Wer wissen will, wie man so auf dem Land lebt, der muss auf den Fasching nach Untermühlhausen gehen. Natürlich ist in Untermühlhausen und andernorts Fasching nicht der Normalfall, sondern ein rauschartiger Ausnahmezustand. Aber wenn zwei Stunden lang fast 40 Faschingsgespanne durchs Dorf rollen, zeigt sich, wie kreativ und vor allem auch technisch versiert und praktisch veranlagt die jungen Leute in den Dörfern sind. Sie bringen römische Paläste, ohrenbetäubende Musikanlagen, Maul aufreißende Dinosaurier, Spukschlösser oder einen sich wie von Geisterhand öffnenden Sarg vor einem Spukschloss auf die Straße. Und der Eindruck ist, es wird immer noch etwas gigantischer.

Tatsächlich stößt das Untermühlhausener Straßennetz an seinem solchen Tag an seine Kapazitätsgrenzen, aber die gefühlt immer größerer werdenden Faschingsgespanne und -sattelzüge haben auch heuer alle die Kurve gekriegt, wenngleich es am Schluss nur noch zäh voranging. Auch die Telefonleitung am Maibaum hat den Umzug unbeschadet überstanden. Der Winkler Bauwagen musste aber dort erst einmal halten, weil der auf dem Wagen aufgebaute Maibaum nicht durchging. Aber wo ein Maibaum ist, da sind auch Schwalben, um die Leitung anzuheben um unten durchfahren zu können.
Eine faschingsmäßige Leistungsschau in Untermühlhausen
Es war wieder eine große Leistungsschau vieler Landjugenden, Faschingsvereine, Hütten und Bauwagen beiderseits des Lechs - und natürlich auch der auf Hochglanz polierten Landtechnik, die die Wagen zieht. Was da von schätzungsweise 2000 Mitwirkenden vor noch mehr Publikum aufgeführt wurde, war fast durchgehend absolut professionell.

Die Motive auf den Wagen - über Party und Alkohol hinaus - waren zwar häufig aus dem Hollywood- und Disney-Fundus altbekannt und fuhren teilweise doppelt mit, waren aber immer eine Schau. Fahr- und Flugzeuge hatten es vielen anderen Gruppen angetan.
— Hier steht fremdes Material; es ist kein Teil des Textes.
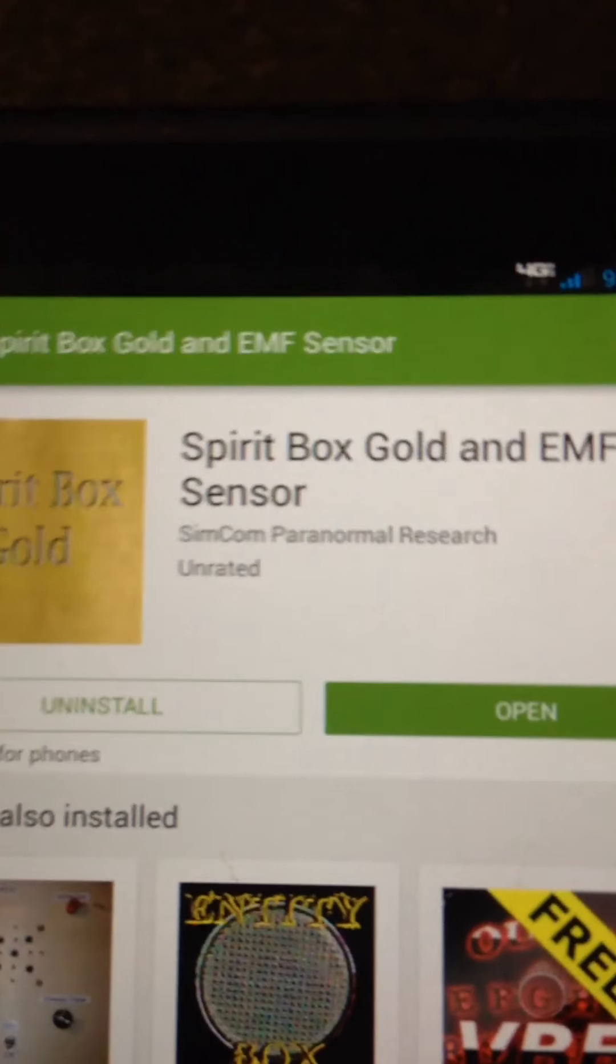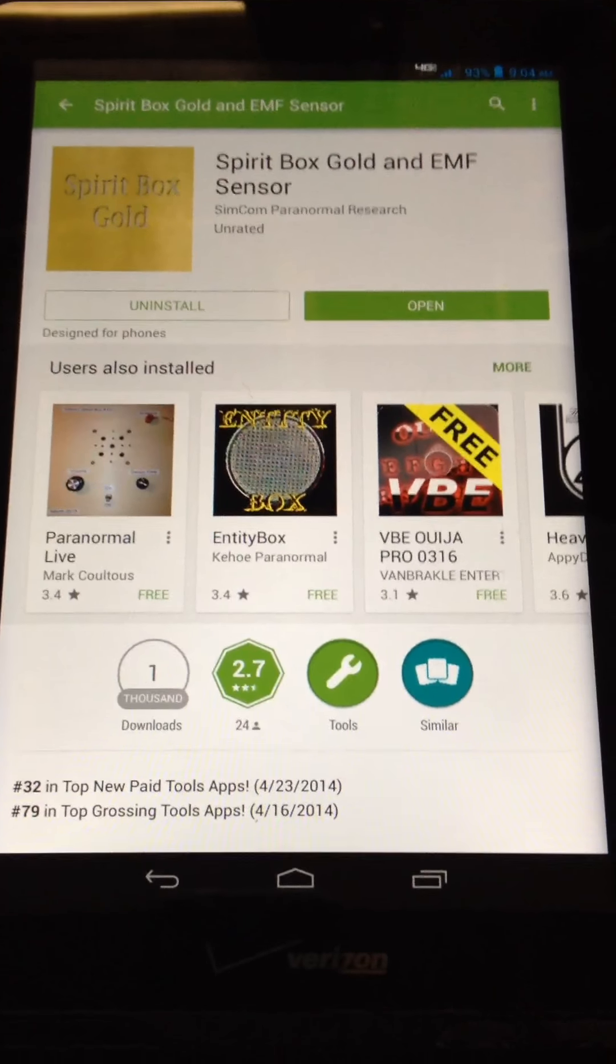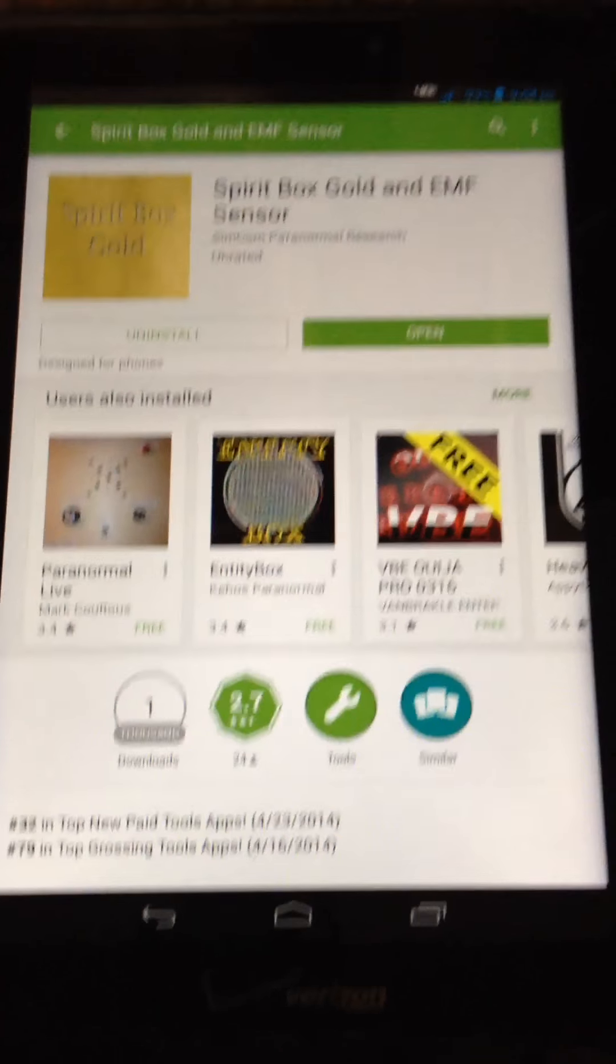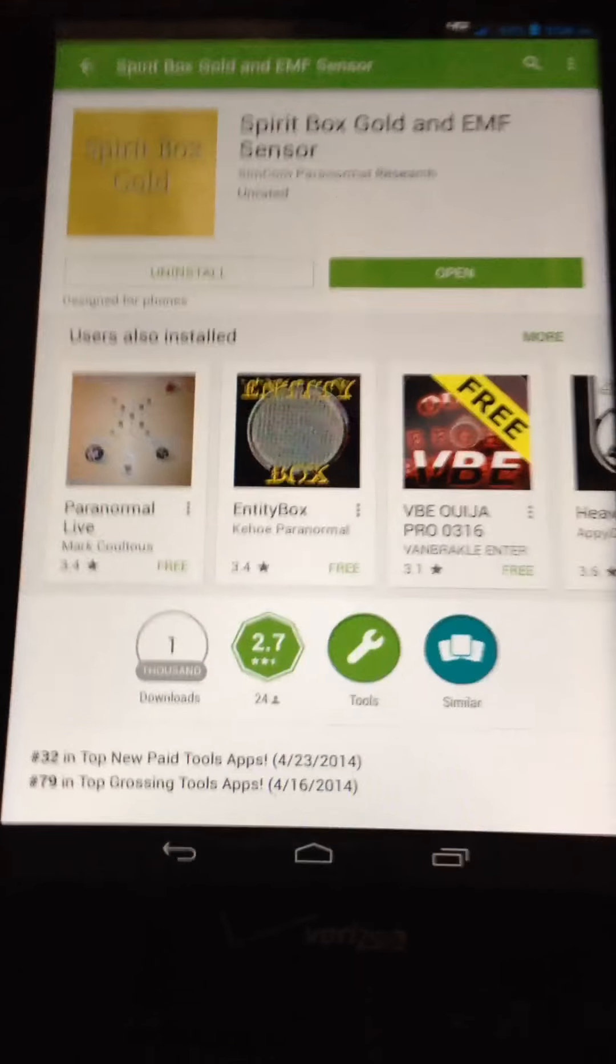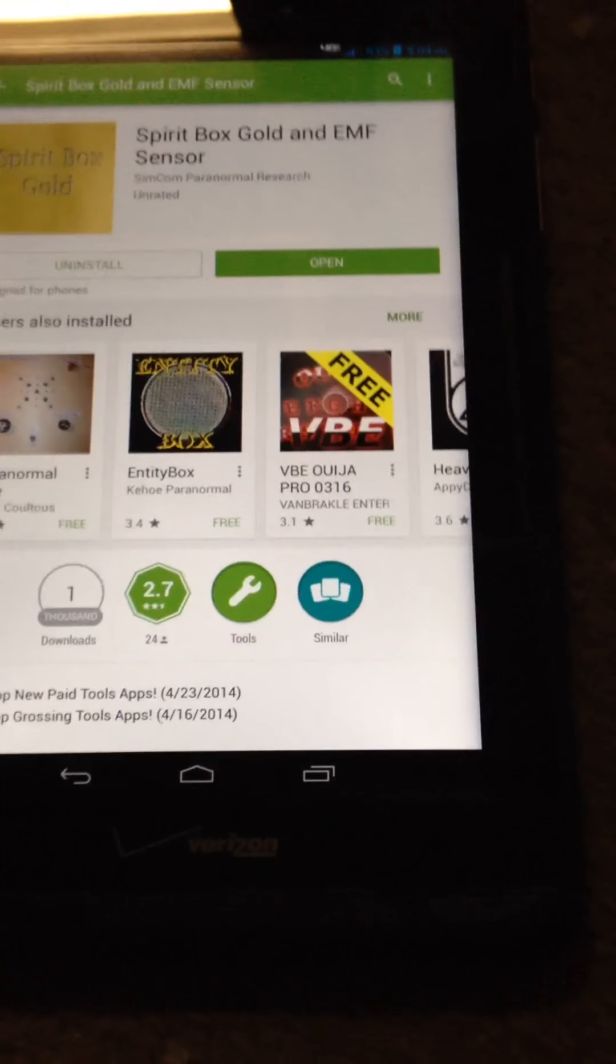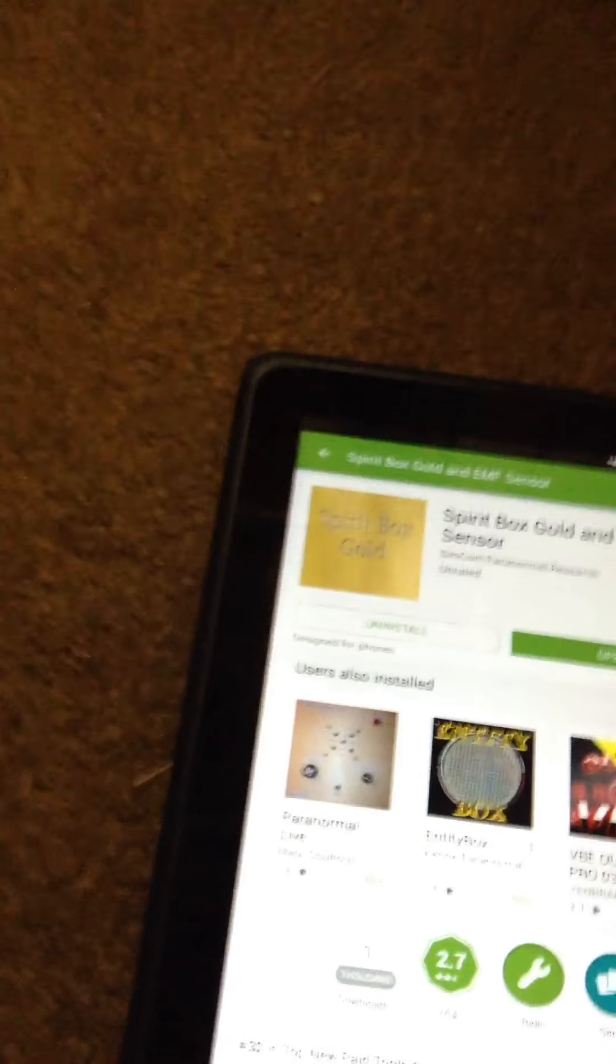Okay YouTube, so today we're using Spirit Box EMF recorder. You can get that in the app store on an Android phone or any kind of app store. It's from Simcom Paranormal Resource Research and it's actually a really cool app, so let's get started.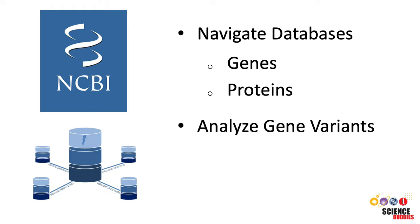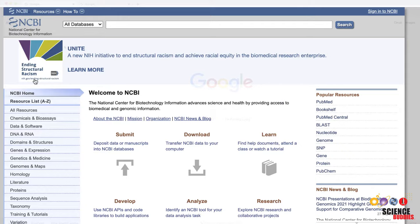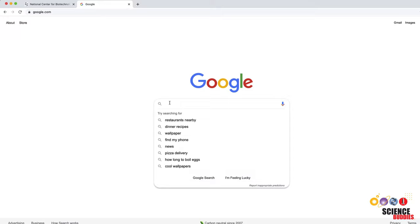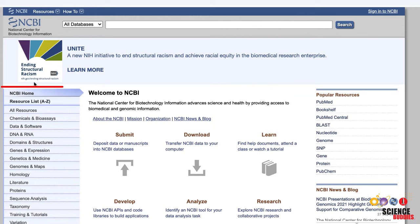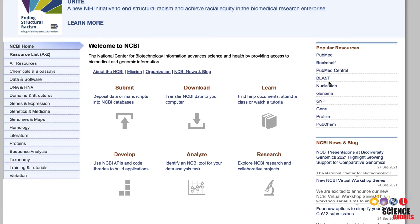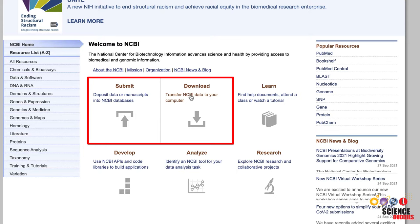Let's start on the main NCBI website. To get there, navigate to www.ncbi.nlm.nih.gov in your web browser, or just type NCBI in your web browser and then click on the NCBI website link. On the left side of the website, you will find a detailed list of resources that you have access to. On the right side, some of the most popular resources are listed, such as the BLAST tool, which I have a different video tutorial about. You can find the link to this tutorial in the description below. In the center of the page, you can find information on how to submit or download data. You can also find links to explore NCBI's help documents and research projects.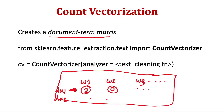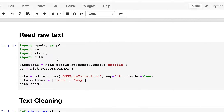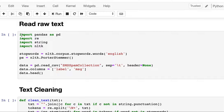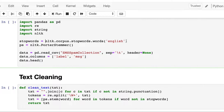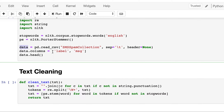To use CountVectorizer, we import it from sklearn.feature_extraction.text and create an object of it. There is an optional parameter called 'analyzer' — we will see examples both without and with passing this parameter. In the notebook, we import stop words for English and use the Porter Stemmer.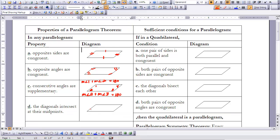The last property of parallelograms is that the diagonals intersect at their midpoints. So if you put in the diagonals of your parallelogram, they intersect at their midpoints. If this diagonal is intersected here, then we know this side and this side are equal, and the same thing with the other diagonal. These are the properties of a parallelogram.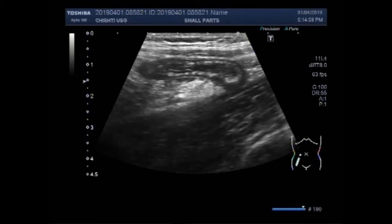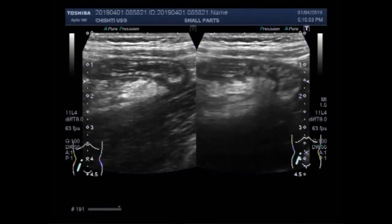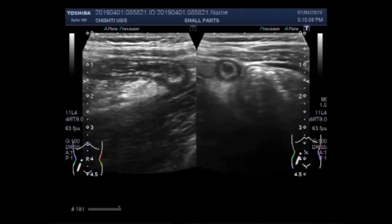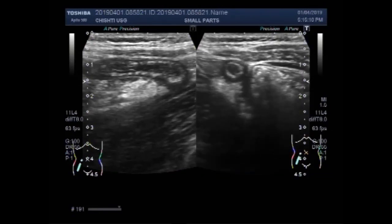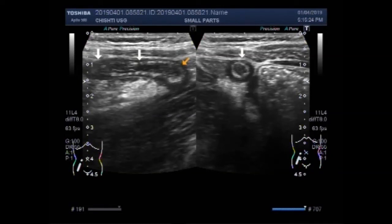Now this is the transverse view of the appendix. And again, this is the vertical view — the longitudinal view of the inflamed appendix.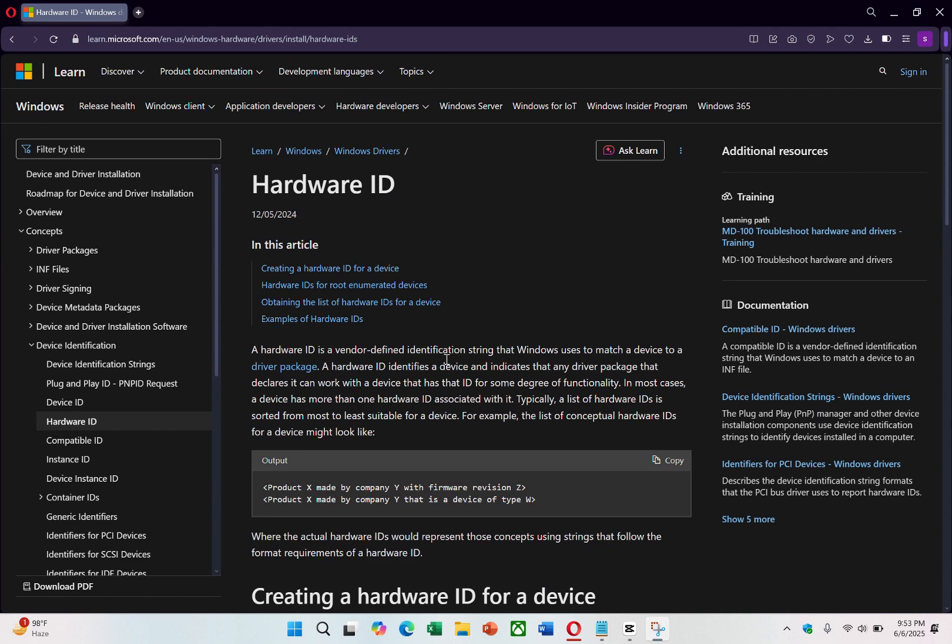However, it's important to note that altering hardware IDs may violate the terms of use for some software or services, so proceed with caution.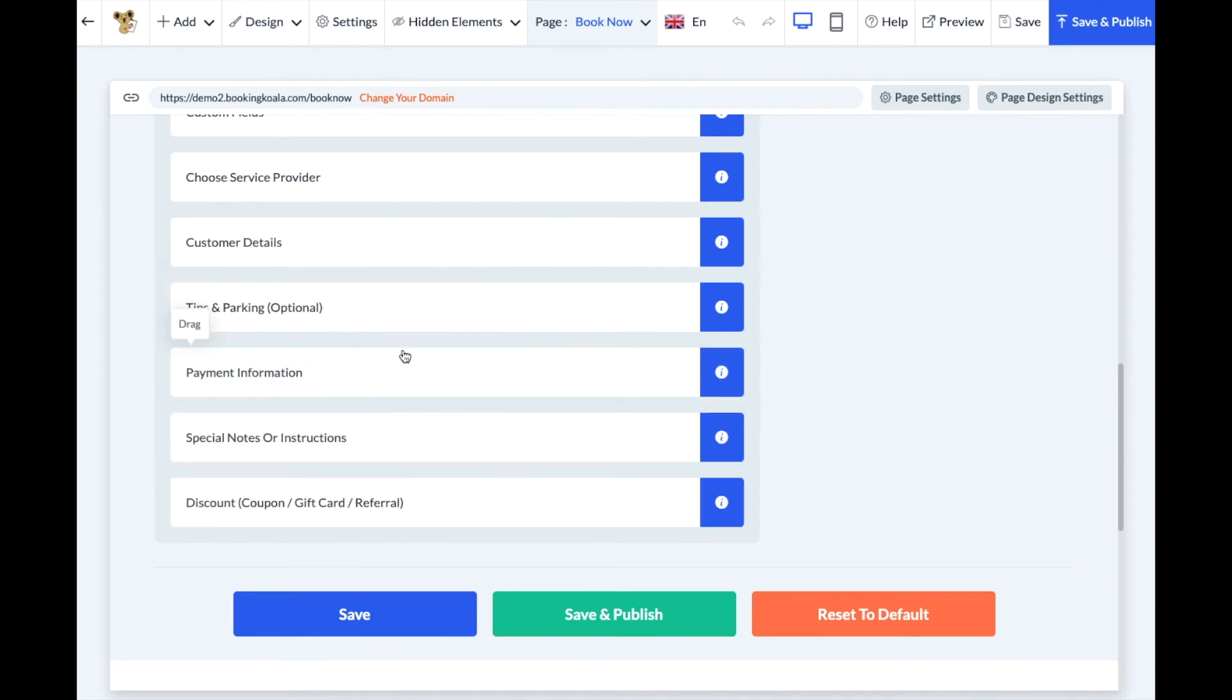Once you're satisfied with your order, you can hit the blue Save button or the green Save and Publish button to push these changes live.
Die Faschingsfreunde aus Igling ließen auf ihrem Monopoly-Wagen eine rauchende Lokomotive mitfahren, die Feuerwehr in Pestenacker hatte als Bergwacht einen Hubschrauber mit drehendem Rotorblättern auf dem Dach des Bulldogs in Betrieb. Die Burchinger Landjugend hatte sich nicht nur mit Rennanzügen ausstaffiert, sondern auch einen Formel-1-Wagen aufgeladen.
Fasching in Untermühlhausen: Schneller, weiter, höher
Die Eglinger Landjugend setzte aber mit einem Airport, zahlreichen schneidigen Flugkapitänen und anmutigen Stewardessen in chicen Uniformen noch eins drauf. „Wir stürzen ab“ lautete bei den Eglingern das vielsagende Motto - in diesem Fasching gleich bei fünf Umzügen. Einige Nummern bescheidener, was die PS, aber nicht die Optik betrifft, kam der Schöffeldinger Burschenverein im Gespann mit seinem Unterfinninger Pendant mit einem riesigen Bobbycar zum Umzug - verbunden mit dem Hinweis auf das legendäre Bobbycar-Rennen in Schöffelding, was zeigt, das auf den ansonsten meist recht still wirkenden Dörfern nicht nur im Fasching was los ist.

Die satirische Auseinandersetzung mit Politik und Zeitgeist fiel auch dieses Jahr sehr dezent aus. Immerhin grenzten sich die Bobbycar-Fahrer von den Airport-Betreibern mit dem Hinweis „absolut CO2-frei“ ab. Ein Piratenschiff mit Fischnetzen und zwei riesigen schwarz-gold-roten Flaggen am Heck der Meringer „Abbruch-Piraten“ sollte versinnbildlichen, wie das Land im Netz der Bürokratie gefangen ist.
In Hattenhofen wird nicht nur der Fasching knallhart gefeiert
Aber, worum geht es, vor allem wenn man jung ist? „Ob Affe, Pferd oder Pirat, wir feiern Fasching knallhart“ wurde etwas holprig auf dem Hattenhofener Pippi-Langstrumpf-Wagen gereimt. Nach gut zwei Stunden ging es, was das Feiern betrifft, dann erst noch wild weiter im Festzelt. Da wurde es dann hoffentlich auch denen wieder etwas wärmer, denen zuvor ein eisiger Wind ums Kostüm gepfiffen hatte und deren Finger vom Halten der Bierflaschen klamm geworden waren.